Work to be completed: Find "Carve Designs Army Green Tankini" in the material, then return exactly the line containing it and all lines after it to the end, leaving out pictures.

Input for this task:
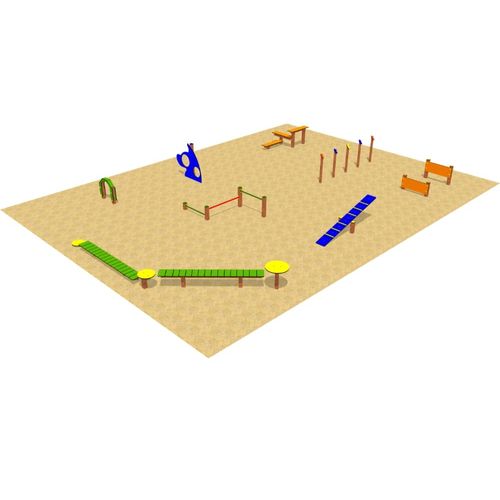 Trimm-Dich-Pfad / Agility - DUAGCP-80 - DEPORTES URBANOS - für Hundepark / Tunnel / Reifen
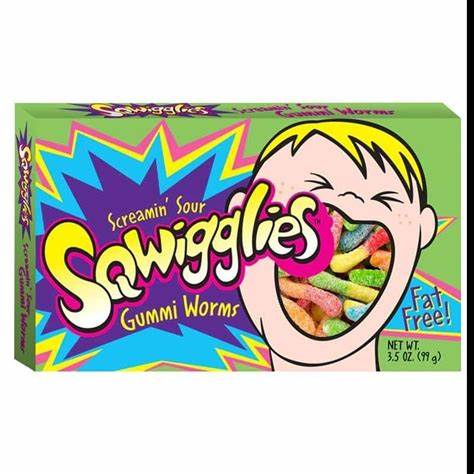 Taste of Nature Sour Sqwigglies Gummi Worms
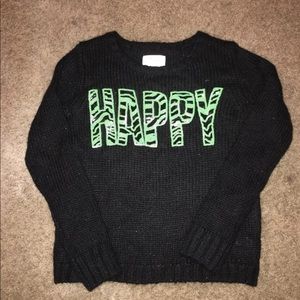 Girls justice sparkle sweater 14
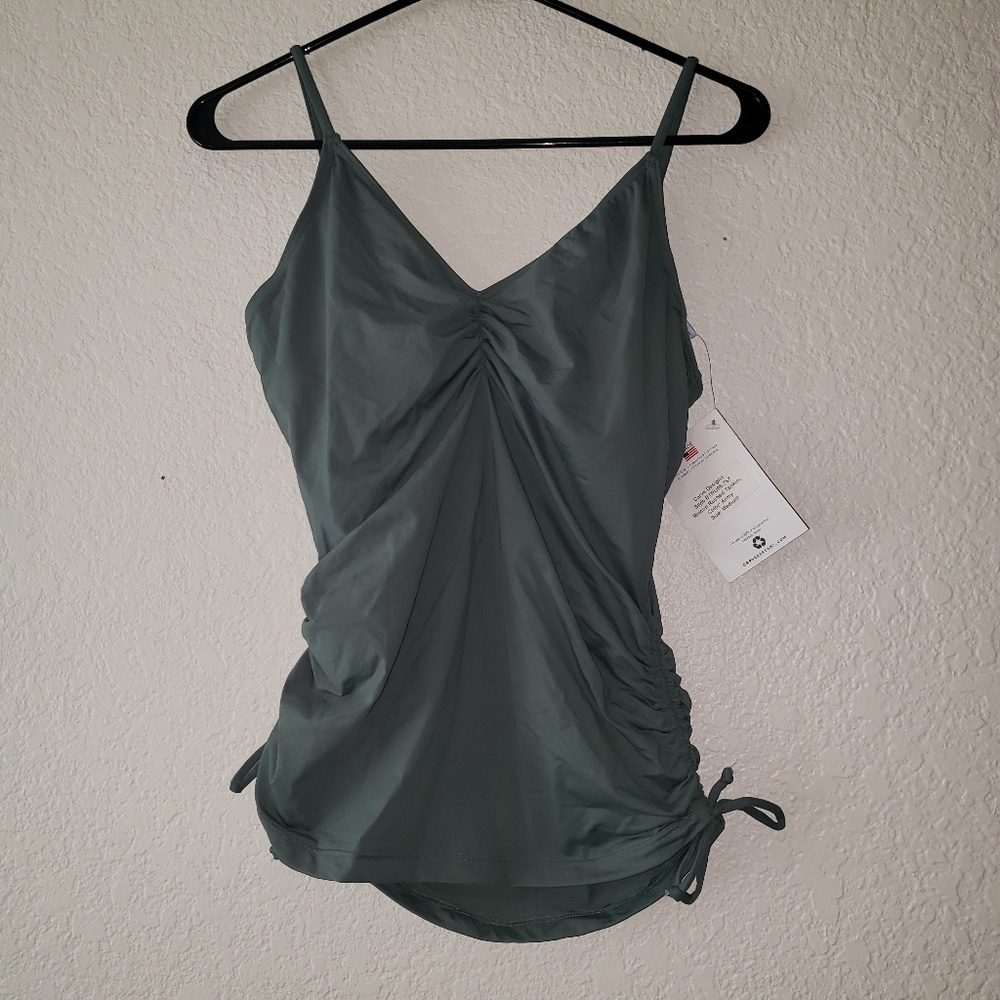 Carve Designs Army Green Tankini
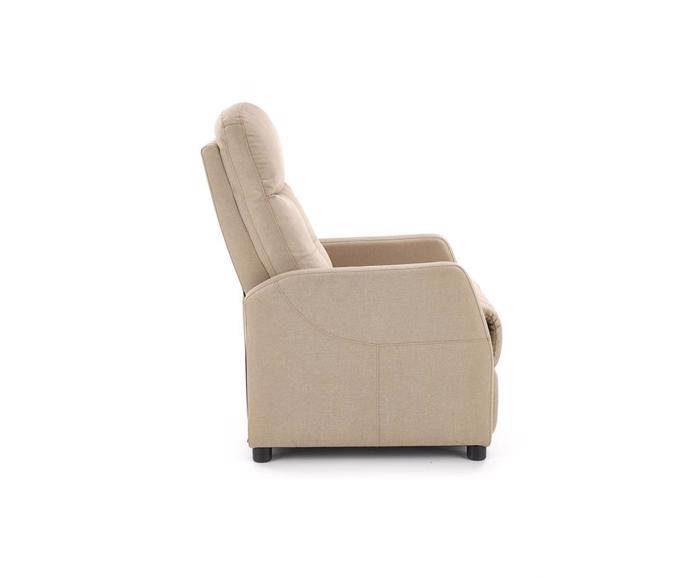Fotogalerie Relaxační křeslo FELIPE – béžová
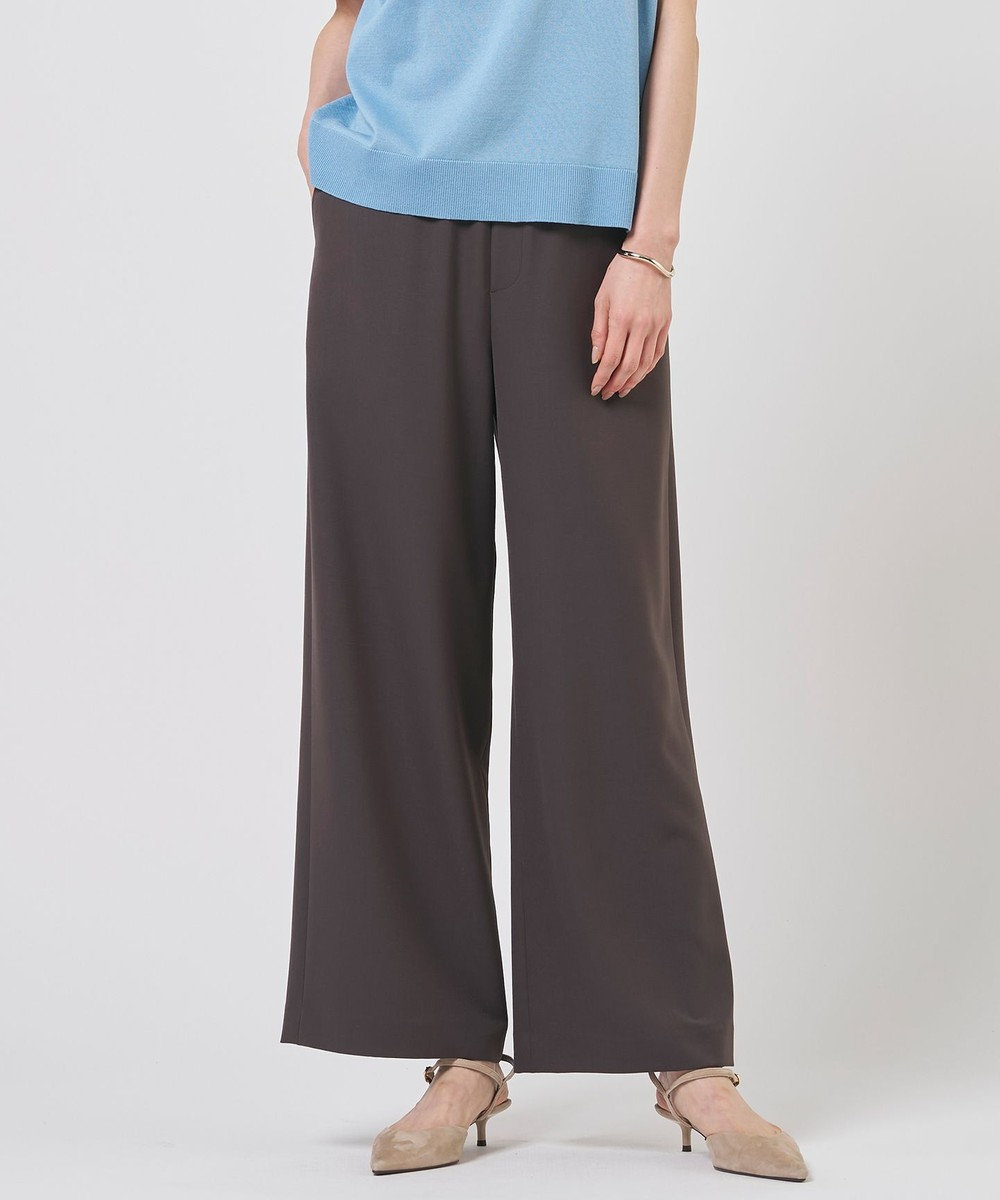 J.PRESS LADIES RELAXION トロ ワイド イージー パンツ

Result:
 Carve Designs Army Green Tankini
Fotogalerie Relaxační křeslo FELIPE – béžová
 J.PRESS LADIES RELAXION トロ ワイド イージー パンツ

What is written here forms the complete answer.